Should flimsy plastic bags be banned or taxed?
Bags are ruining crops and harming livestock
By Wilmer N. Stoneman III
It’s bad enough that plastic bags scattered across a farm field ruin the bucolic view of Virginia’s farmland. But what farmers strongly object to is that they pose a threat to their animals and machinery.
Livestock have died after ingesting plastic bags they find in fields, and thousands of dollars of damage has been done to farm equipment. In addition to the damaged equipment, plastic bags pose a safety hazard to farmers who are trying to remove them from the machinery.

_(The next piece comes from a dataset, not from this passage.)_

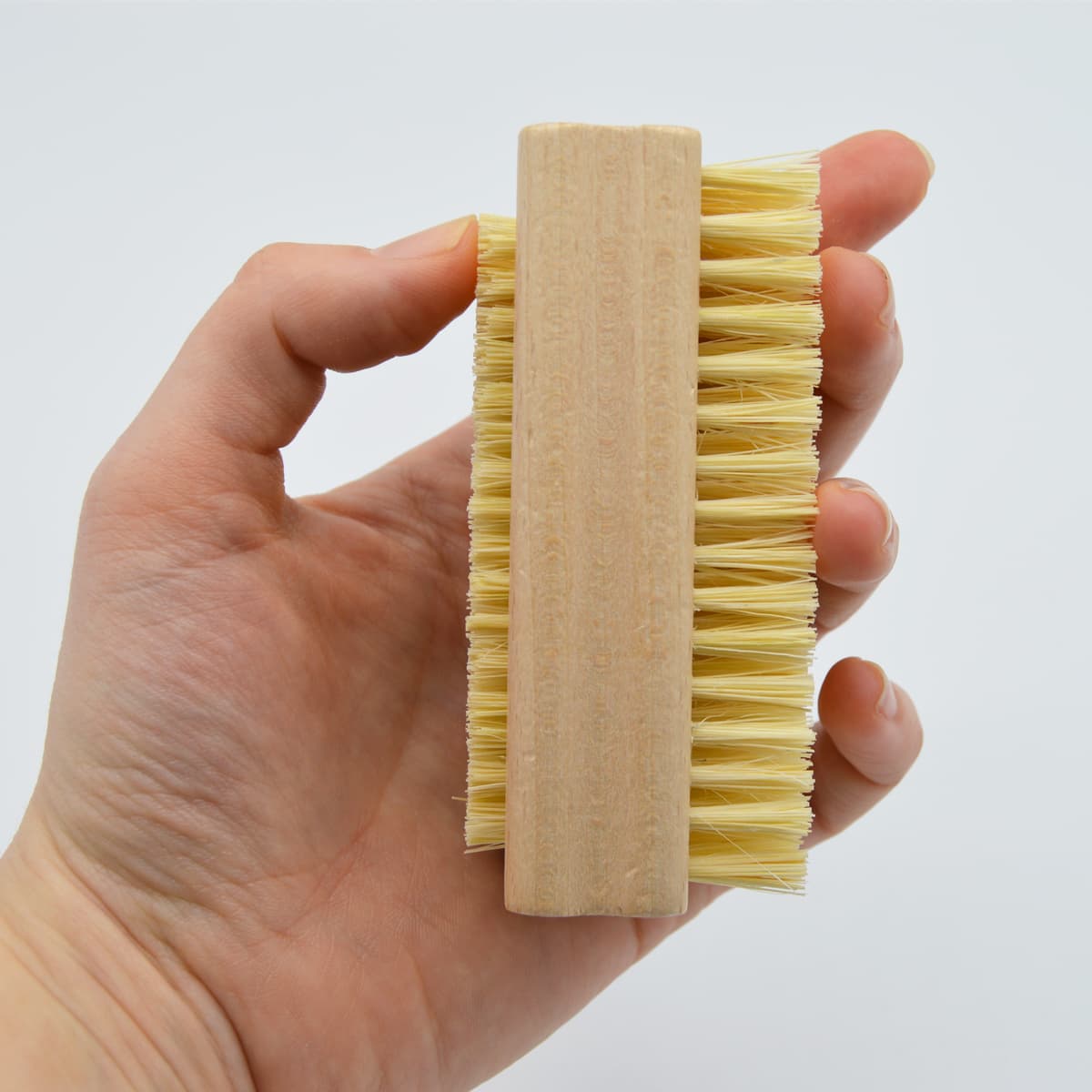 Cepillo para limpiar las uñas de madera y natural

Additionally, for the state’s cotton producers, the plastic bags create an economic problem when they get caught in cotton balers and go unnoticed at the gin. The plastic gets shredded into cotton fiber and is not found until finished textiles are inspected. Plastic particles won’t take a fabric dye and leave a white streak. The cloth ends up useless, and a farmers’ ability to sell more cotton is jeopardized.
All of these problems are easily remedied by using alternatives to plastic bags.
That’s why the Virginia Farm Bureau Federation’s members approved policy supporting legislation that would encourage all retailers to use paper or reusable bags.
Virginia Farm Bureau producer members have supported proposed legislation sponsored by Del. Onzlee Ware, D-Roanoke, in the past. That, and similar legislation sponsored by Del. Joe Morrissey, D-Richmond, and Sen. Adam Ebbin, D-Alexandria, called for a tax on consumers who opt to use plastic bags. Stores imposing the tax would keep a percentage, and the rest of the money would go into the Virginia Water Quality Improvement Fund.
The fact that legislators from three diverse areas of the state support the tax indicates statewide concern about plastic bags. Unfortunately, that legislation was defeated.
Farm Bureau policy also supports enforcement of existing litter laws, which classify disposing of trash on public or private property as a misdemeanor, punishable by jail time up to 12 months and fines of up to $2,500. The state’s largest agriculture advocacy organization also supports increased penalties for littering.
The problem is, plastic retail bags are nearly weightless and can travel great distances. So trying to determine who has littered is virtually impossible.
It is sometimes unintentional littering, but plastic bags still cause problems for virtually every kind of farmer. And in today’s reduce-reuse-recycle world, it’s time to pursue options other than plastic bags.
Stoneman is associate director of governmental relations for Virginia Farm Bureau Federation.
Better to recycle plastic bags than to ban them
By Jodi Roth
To the untrained eye it might look like a growing coalition of environmental groups are pushing bans on plastic bags throughout the country. Only a small number of communities in the United States have even considered a bag ban.
We need to make sure that the environmental, health and economic facts supporting the case are understood. When the public gets the facts — and not just emotionally charged imagery — it will come to the same conclusion that we’ve always known: Plastic bags are the best choice at checkout and should not be restricted.
The economic case is on our side at every level of the value chain. The plastic bag industry supports more than 30,800 U.S. jobs. These jobs often support an innovative sector of the green economy. Additionally, for each one of these manufacturing and recycling jobs, the plastic bag industry creates an additional two support jobs; that is more than 60,000 American jobs that supply cartons, color concentrates, inks, transportation and local industry supply support.
The alternatives — paper and reusable bags — are in fact far worse for the environment than plastic bags because they have more impacts relative to greenhouse gases, water usage and landfills.
It’s counterintuitive that some environmentalists have targeted plastic bags, which are made from natural gas in the United States, and not paper, which comes from trees. Greenhouse gases emitted during paper bag production and transportation far exceed those released in plastic bag production. Additionally, because paper bags are seven times larger than plastic they require seven times as many trucks on the road to transport.
As for reusable bags being the answer to the world’s environmental problems, studies have shown otherwise. Cloth reusable bags require massive amounts of energy and chemicals to produce. According to a University of Oregon study, a quarter of the pesticides used in this country are used on cotton. Cloth reusable bags require so much more energy to produce than regular plastic bags that they need to be used 131 times to be as environmentally friendly as a plastic grocery bag used once, according to a U.K. government study.
Finally, when environmentalists justify attacks on plastic bags as an attempt to prevent litter, they ignore the fact that all plastic bag litter accounts for 0.6 percent of items littered throughout the nation and 0.5 percent of the solid-waste stream. That said, no amount of litter is ever acceptable, and the plastic bag industry is focused on recycling used bags and wraps as a progressive avenue to alleviate even this fractional amount of litter.
Opponents of plastic bags rely heavily on emotional appeals because the science simply isn’t in their favor. As is often the case, the best way to move this debate in the right direction is to defuse the misplaced emotional energy with facts that stand the test of scientific legitimacy and are not just emotionally and visually compelling. If communities have the full facts at their disposal, they will choose recycling over bans on plastic bags.
Roth is director of government affairs for the Virginia Retail Merchants Association.